Генерал поравнялся с нами. Слегка откинувшись, сдерживая коня, кричит резким, не идущим к его фигуре басом: «Здравствуйте, молодцы, корниловцы!» — «Здраем желаем, ваше высокдитс»,— на ходу, нестройно, но громко и восторженно отвечают корниловцы.
Генерал рысью пролетел, за ним перекатываются нестройные приветствия.
Появление Корнилова, его вид, его обращение вызывают во всех чувство приподнятости, готовности к жертве. Корнилова любят, к нему благоговеют.
Останавливаясь, отдыхая, тянется армия...
В белой дали показался табун диких коней. Пригнувшись, поскакали за ним кавалеристы...
«Пускай поймают»,— иронически ухмыляется верховой казак.
Метнулся табун, в стороны понеслись молодые кони.
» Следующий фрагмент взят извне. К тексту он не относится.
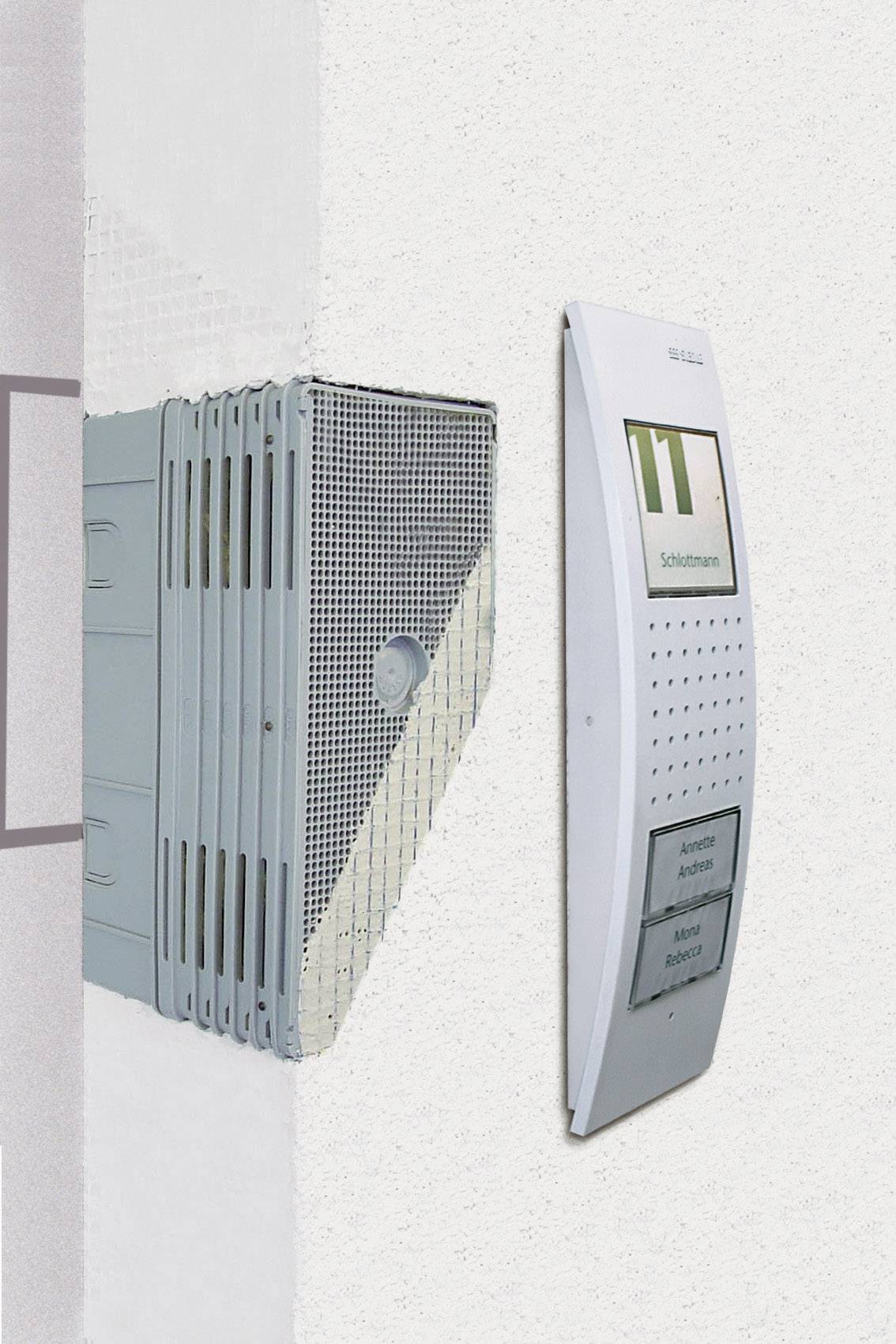 Un interphone extérieur blanc et moderne monté sur un mur clair. À sa droite, un dispositif visible avec des fentes de ventilation.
Кавалеристы гоняются за ними, носятся по степи, но не поймать диких. На взмыленных, тяжело дышащих конях возвращаются к дороге...
К вечеру пришли в Хомутовскую. По улицам мечутся квартирьеры. Не хватает хат. Люди разных частей переругиваются из-за помещений. Переночевали... Ранним утром торопятся, пьют чай, звенят, разбирая винтовки. Та-та-та — протрещало где-то.
«Что это? пулемет?» — «Какой пулемет — на дворе что-то треснуло».
На минуту все поверили. Но вот ясно затрещал пулемет, а за ним с визгом разорвались на улице две гранаты.
«В ружье!» — командует полковник.
«Большевики нагоняют»,— думает каждый.
По полосатым от тающего снега улицам бегут взволнованные люди. Вылетают из ворот обозные телеги, бессмысленно несясь вскачь.
«Куда скачешь!» — кричат пехотинцы.
«Эта обозная сволочь всегда панику делает!»
Быстро идем на край станицы. Мимо нас скачет обоз, вон коляска с парой вороных коней — в ней генералы Эльснер и Деникин. А навстречу идет Корнилов с адъютантами. «По обыкновению, наши разъезды прозевали, ничего серьезного, будьте спокойны, господа»,— говорит генерал.
Мы рассыпались в цепь за станицей. Редкие выстрелы винтовок, редко бьет артиллерия. Большевики ушли. Все смолкло.
Опять идем по бескрайней белой степи...
Один день похож на другой. И не отличить их, если б не весеннее солнце, начавшее заменять белизну ее — черными проталинами и ржавой зеленью...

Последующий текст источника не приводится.